An alternative way to think of it is this. The source array one is a large stack of papers stapled together. The source array two is also another large stack of papers. Would it be faster for you to
- Go to the store, buy enough paper needed for a copy of each source array. Then put each source array stacks of paper through a copy-machine and staple the resulting two copies together.
- Go to the store, buy enough paper for a single copy of the first source array. Then, copy the source array to the new paper by hand, ensuring to fill in any blank sparse spots. Then, go back to the store, buy enough paper for the second source array. Then, go through the second source array and copy it while ensuring no blank gaps in the copy. Then, staple all the copied papers together.
In the above analogy, option #1 represents Array.prototype.concat while #2 represents Array.prototype.push.apply. Let us test this out with a similar JSperf differing only in that this one tests the methods over sparse arrays, not solid arrays. One can find it right here.
Therefore, I rest my case that the future of performance for this particular use case lies not in Array.prototype.push, but rather in Array.prototype.concat.
When certain members of the array are simply missing. For example:
// This is just as an example. In actual code,
// do not mix different types like this.
var mySparseArray = [];
mySparseArray[0] = "foo";
mySparseArray[10] = undefined;
mySparseArray[11] = {};
mySparseArray[12] = 10;
mySparseArray[17] = "bar";
console.log("Length: ", mySparseArray.length);
console.log("0 in it: ", 0 in mySparseArray);
console.log("arr[0]: ", mySparseArray[0]);
console.log("10 in it: ", 10 in mySparseArray);
console.log("arr[10] ", mySparseArray[10]);
console.log("20 in it: ", 20 in mySparseArray);
console.log("arr[20]: ", mySparseArray[20]);
Alternatively, javascript allows you to initialize spare arrays easily.

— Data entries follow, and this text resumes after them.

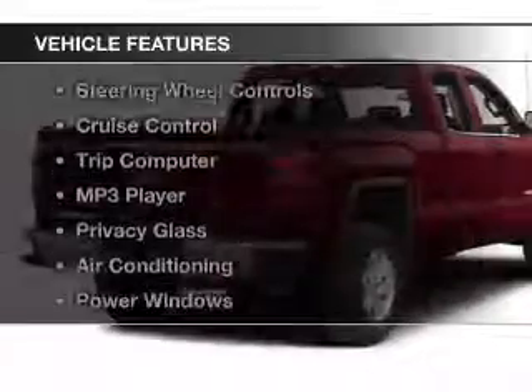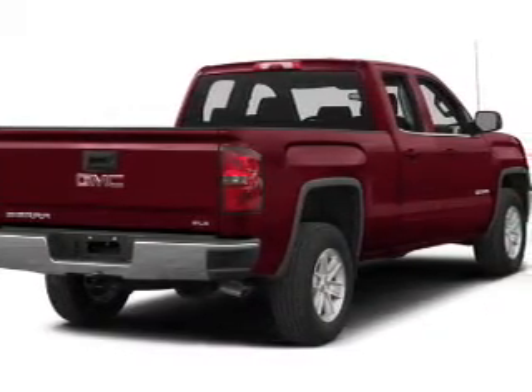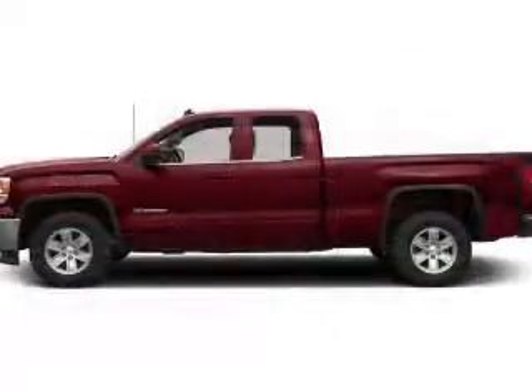The features include Bluetooth connectivity, satellite radio, digital radio, steering wheel controls, cruise control, a trip computer, an MP3 player, privacy glass, air conditioning, and power windows.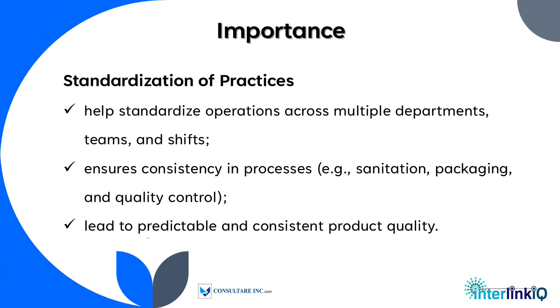In standardization of practices, training helps standardize operations across multiple departments, teams, and shifts. It ensures consistency in processes, sanitation, packaging, and quality control, and leads to predictable and consistent product quality.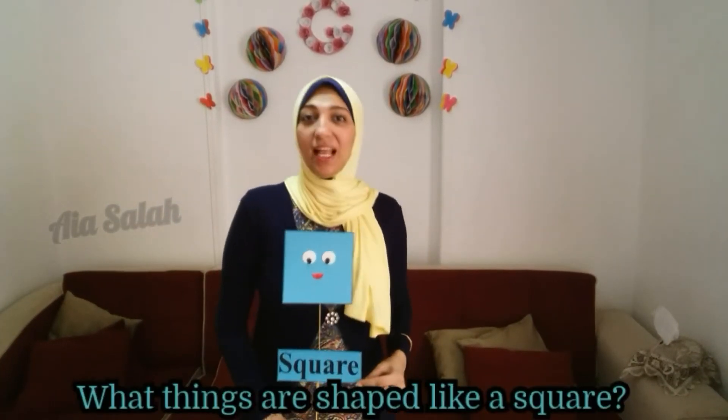What shape is it? Excellent — it's a square! What things are shaped like a square?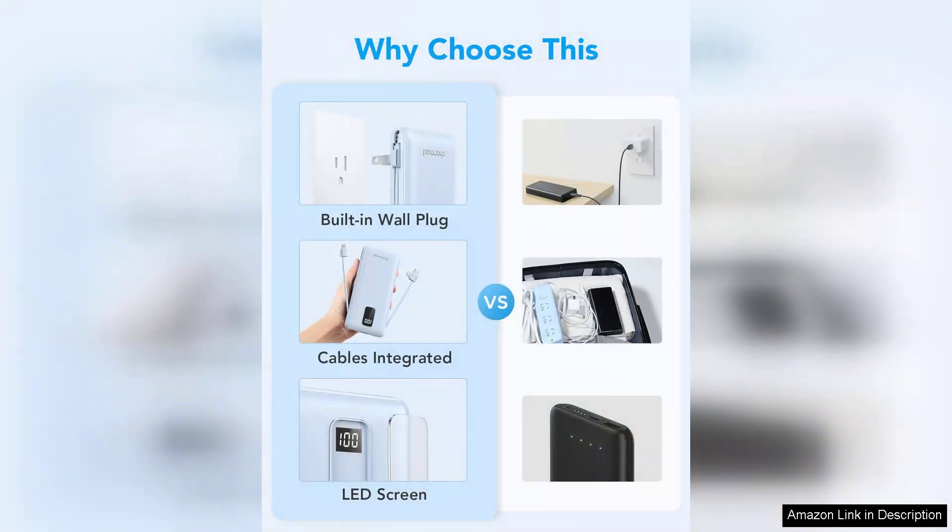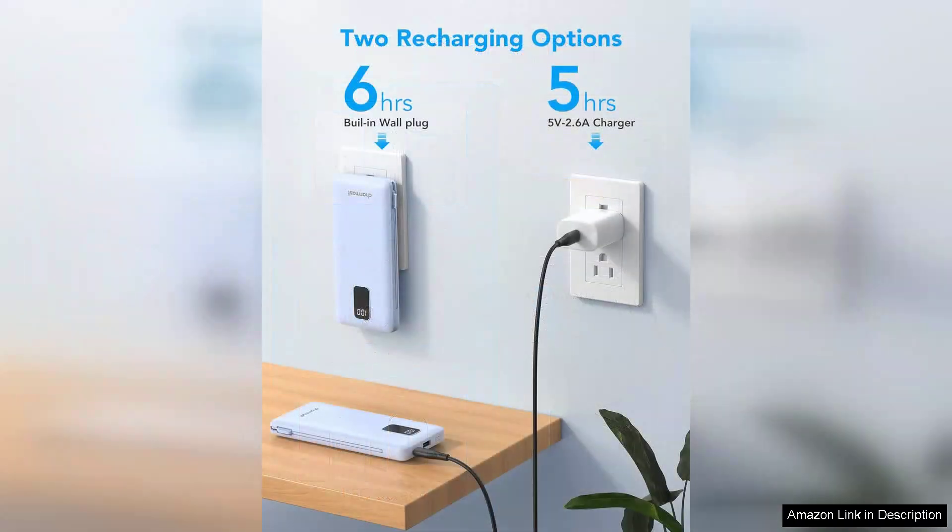The integrated wall plug is another thoughtful addition, allowing for direct charging without needing an external adapter. I found this particularly useful during travel, as it reduced the number of items I needed to pack.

var mySparseArray = ["foo",,,,,,,,,,undefined,{},10,,,,,"bar"];
-
An array-like is an object that has at least a length
property, but was not initialized with new Array
or []
; For example, the below objects are classified as array-like.
{0: "foo", 1: "bar", length:2}
document.body.children
new Uint8Array(3)
- This is array-like because although it's a(n) (typed) array, coercing it to an array changes the constructor.
(function(){return arguments})()
Observe what happens using a method that does coerce array-likes into arrays like slice.
var slice = Array.prototype.slice;
// For arrays:
console.log(slice.call(["not an array-like, rather a real array"]));
// For array-likes:
console.log(slice.call({0: "foo", 1: "bar", length:2}));
console.log(slice.call(document.body.children));
console.log(slice.call(new Uint8Array(3)));
console.log(slice.call( function(){return arguments}() ));
- NOTE: It is bad practice to call slice on function arguments because of performance.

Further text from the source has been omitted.